Our Lady of the Kedge

vickers painting may 23 2013

There are infinite possibilities in art. When faced with an empty canvas an artist can be stymied by so many alternatives. It requires a narrowing of focus to hone in on intention, that particular thing you are called upon to express.

One needs set the right environment, speak prayers of supplication to the muse, and open to what nature has to reveal in the exuberant flow of her endless manifestations.

The challenge is to maintain balance, and walk the fine line between conscious intent and receptivity to what arises spontaneously when paint hits canvas and colors bleed in confounding ways.

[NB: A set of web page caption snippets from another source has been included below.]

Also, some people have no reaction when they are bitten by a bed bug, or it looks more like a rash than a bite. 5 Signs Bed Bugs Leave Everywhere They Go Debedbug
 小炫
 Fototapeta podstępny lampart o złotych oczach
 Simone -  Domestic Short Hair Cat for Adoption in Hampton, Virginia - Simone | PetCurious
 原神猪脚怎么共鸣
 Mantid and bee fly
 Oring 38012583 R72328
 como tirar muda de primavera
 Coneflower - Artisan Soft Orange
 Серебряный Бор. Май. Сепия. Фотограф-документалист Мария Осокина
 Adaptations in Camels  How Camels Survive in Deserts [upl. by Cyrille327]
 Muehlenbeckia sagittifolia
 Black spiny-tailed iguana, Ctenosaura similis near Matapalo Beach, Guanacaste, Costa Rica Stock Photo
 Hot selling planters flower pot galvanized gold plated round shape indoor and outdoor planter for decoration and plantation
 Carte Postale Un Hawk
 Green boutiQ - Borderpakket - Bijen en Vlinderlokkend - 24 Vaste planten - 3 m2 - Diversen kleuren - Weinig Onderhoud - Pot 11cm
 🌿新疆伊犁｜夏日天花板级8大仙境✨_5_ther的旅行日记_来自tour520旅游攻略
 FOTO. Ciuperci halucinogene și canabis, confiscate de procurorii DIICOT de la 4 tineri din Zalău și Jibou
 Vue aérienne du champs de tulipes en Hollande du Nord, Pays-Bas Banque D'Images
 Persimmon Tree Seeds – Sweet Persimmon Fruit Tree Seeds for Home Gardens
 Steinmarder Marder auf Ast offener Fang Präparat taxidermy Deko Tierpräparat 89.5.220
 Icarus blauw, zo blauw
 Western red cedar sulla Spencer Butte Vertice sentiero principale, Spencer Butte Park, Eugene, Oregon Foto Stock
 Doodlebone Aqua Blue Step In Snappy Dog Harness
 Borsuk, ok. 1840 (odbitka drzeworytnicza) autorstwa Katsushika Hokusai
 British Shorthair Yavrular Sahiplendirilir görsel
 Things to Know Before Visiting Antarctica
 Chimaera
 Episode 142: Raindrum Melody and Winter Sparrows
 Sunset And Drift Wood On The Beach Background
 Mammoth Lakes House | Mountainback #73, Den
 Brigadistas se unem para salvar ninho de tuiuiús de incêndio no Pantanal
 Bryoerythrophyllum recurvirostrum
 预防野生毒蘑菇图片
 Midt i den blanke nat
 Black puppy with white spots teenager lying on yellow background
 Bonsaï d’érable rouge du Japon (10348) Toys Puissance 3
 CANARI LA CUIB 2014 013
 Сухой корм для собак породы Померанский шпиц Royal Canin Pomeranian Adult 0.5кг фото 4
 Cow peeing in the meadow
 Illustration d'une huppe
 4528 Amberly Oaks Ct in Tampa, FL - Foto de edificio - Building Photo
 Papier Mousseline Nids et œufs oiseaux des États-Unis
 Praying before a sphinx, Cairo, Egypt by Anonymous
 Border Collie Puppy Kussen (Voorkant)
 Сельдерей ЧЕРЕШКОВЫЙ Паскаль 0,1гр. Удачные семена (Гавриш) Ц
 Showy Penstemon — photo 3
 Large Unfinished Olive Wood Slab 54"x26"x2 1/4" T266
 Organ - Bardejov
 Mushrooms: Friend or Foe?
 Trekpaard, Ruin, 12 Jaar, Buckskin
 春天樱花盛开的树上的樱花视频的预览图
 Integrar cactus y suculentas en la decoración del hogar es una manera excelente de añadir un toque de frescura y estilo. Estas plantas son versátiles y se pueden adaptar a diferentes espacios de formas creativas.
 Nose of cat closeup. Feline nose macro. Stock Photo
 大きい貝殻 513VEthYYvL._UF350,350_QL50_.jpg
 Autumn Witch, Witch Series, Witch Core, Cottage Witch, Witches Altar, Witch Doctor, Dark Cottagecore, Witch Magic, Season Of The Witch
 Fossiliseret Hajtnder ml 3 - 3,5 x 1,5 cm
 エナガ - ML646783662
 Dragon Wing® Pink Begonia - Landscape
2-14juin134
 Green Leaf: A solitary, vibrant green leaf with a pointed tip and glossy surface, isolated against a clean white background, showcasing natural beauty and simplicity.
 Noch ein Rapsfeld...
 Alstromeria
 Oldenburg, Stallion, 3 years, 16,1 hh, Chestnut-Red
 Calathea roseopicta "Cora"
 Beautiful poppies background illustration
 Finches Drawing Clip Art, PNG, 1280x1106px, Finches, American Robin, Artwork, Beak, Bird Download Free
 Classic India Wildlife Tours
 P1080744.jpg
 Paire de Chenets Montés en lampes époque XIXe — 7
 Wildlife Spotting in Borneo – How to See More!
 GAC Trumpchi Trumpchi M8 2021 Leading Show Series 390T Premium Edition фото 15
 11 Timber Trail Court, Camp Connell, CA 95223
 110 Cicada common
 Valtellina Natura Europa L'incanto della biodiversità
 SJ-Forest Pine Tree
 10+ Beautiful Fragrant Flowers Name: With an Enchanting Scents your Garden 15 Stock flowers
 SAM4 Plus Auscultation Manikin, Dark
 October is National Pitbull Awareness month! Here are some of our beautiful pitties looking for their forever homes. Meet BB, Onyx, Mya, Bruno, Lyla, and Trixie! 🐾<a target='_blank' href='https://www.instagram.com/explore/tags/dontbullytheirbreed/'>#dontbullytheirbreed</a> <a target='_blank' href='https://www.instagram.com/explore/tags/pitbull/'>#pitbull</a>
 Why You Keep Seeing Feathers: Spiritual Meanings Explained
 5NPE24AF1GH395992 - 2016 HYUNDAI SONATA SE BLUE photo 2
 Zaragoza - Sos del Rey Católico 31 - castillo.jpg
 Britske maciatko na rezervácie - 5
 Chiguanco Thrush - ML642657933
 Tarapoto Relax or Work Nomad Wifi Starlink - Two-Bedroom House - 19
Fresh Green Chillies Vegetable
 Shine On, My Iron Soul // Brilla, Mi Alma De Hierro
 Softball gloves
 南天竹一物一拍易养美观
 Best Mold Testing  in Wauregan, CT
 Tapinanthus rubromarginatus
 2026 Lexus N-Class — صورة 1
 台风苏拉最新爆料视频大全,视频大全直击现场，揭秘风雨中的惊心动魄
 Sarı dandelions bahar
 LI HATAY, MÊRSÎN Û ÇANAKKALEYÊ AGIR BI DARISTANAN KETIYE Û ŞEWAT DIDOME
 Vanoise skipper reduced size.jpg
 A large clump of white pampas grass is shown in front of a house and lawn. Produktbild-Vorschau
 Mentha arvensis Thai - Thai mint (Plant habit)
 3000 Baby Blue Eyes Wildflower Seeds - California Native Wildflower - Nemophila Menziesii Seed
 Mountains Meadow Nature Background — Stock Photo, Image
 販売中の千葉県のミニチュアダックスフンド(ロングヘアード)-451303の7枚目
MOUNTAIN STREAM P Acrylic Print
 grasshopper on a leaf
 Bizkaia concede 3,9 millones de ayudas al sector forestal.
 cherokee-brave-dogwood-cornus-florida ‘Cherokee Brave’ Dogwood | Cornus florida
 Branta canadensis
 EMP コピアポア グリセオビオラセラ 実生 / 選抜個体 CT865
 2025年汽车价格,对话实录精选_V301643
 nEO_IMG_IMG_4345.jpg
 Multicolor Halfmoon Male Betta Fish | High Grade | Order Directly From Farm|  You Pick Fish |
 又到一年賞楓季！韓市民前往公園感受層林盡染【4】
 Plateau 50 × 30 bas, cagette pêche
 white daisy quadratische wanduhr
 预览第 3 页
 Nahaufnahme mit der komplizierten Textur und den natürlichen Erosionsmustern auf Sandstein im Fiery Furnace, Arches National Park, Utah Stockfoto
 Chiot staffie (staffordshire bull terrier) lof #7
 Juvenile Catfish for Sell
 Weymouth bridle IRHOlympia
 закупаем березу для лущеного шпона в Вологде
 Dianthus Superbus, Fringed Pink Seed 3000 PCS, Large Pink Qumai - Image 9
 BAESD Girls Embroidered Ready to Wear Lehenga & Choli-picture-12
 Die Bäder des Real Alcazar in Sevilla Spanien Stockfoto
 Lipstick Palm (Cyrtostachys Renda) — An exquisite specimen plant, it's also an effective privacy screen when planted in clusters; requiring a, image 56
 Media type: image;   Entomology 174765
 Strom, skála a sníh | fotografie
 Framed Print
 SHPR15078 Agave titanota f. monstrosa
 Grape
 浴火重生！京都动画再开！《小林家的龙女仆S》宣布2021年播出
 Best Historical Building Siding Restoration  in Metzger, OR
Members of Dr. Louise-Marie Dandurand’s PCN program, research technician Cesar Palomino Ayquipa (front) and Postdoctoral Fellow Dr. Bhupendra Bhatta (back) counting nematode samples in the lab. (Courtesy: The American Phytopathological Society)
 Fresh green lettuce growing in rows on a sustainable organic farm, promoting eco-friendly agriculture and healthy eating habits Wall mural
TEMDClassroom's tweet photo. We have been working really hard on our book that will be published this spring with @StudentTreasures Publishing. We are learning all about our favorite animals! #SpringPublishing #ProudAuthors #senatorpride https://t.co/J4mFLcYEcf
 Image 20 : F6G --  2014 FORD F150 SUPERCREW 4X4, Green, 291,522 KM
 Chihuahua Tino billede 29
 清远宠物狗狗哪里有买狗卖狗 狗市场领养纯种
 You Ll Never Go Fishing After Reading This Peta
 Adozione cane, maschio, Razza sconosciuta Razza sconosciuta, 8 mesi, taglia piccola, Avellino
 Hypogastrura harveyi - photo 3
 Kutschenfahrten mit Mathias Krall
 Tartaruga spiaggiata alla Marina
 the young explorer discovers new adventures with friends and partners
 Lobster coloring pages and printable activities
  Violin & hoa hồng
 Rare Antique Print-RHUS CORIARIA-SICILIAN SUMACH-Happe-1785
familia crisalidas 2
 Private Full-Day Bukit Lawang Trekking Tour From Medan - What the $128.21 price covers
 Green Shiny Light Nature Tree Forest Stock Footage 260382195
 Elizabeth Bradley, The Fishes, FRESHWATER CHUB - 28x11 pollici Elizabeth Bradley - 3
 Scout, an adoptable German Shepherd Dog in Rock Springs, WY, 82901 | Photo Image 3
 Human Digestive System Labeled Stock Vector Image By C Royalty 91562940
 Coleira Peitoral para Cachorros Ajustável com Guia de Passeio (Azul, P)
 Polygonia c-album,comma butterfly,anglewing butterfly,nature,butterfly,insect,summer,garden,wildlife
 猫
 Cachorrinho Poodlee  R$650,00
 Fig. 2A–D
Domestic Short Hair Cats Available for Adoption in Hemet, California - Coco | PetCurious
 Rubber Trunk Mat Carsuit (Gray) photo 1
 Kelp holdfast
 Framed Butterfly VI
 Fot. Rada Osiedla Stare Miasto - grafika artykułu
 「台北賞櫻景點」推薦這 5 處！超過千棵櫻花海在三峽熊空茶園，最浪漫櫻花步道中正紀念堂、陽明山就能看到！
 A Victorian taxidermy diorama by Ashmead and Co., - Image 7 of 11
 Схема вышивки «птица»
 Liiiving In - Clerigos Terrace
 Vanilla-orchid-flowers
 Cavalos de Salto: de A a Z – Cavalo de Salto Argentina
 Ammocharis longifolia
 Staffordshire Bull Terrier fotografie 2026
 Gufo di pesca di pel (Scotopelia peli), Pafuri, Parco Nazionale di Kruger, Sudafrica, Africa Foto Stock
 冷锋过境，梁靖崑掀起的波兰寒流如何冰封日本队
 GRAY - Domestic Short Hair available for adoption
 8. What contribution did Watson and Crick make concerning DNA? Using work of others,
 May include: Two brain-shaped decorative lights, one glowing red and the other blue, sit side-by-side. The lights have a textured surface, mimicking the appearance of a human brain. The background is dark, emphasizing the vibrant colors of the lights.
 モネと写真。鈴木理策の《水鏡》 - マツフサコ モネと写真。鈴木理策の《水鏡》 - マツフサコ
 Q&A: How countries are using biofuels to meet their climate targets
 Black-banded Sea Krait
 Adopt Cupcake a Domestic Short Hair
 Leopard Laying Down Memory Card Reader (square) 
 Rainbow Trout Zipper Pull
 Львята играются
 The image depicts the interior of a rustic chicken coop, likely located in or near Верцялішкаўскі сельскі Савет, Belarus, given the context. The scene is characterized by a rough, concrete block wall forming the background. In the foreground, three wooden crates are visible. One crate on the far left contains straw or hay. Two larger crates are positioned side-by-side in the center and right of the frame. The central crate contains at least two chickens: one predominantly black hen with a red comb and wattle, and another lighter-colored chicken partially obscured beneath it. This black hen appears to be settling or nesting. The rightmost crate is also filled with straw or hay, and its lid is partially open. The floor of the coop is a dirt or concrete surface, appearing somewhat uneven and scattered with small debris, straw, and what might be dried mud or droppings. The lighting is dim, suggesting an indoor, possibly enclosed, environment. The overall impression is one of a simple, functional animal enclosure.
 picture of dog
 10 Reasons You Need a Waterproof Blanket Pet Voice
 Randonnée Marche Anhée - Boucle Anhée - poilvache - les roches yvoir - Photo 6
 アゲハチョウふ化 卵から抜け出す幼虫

I take a break from the mental gyrations of painting to work in the garden.DSC02047

Thatcher Farm is big, with more rows of fertile earth than I can plant. I take an 8 by 16′ bed and divide it according to the square foot gardening technique. I lay it out with sticks and line, and plant seeds so many per square depending on the plant’s requirement for space. I impose an ordered framework, prepare the ground and trust that Mother Gaia can take it from there.

It’s like the layout for my next painting. But here the grid is based on the mystic proportion, the Golden Mean.

It is a major precept of spiritual and artistic disciplines to work like nature. The ancients discovered that the Golden mean is the proportion that comes closest to the original unity from which the diversity of life forms arose. It is this unity to which, in spiritual practice, we aspire to return. The proportion is expressed in plants, shells and seasonal cycles.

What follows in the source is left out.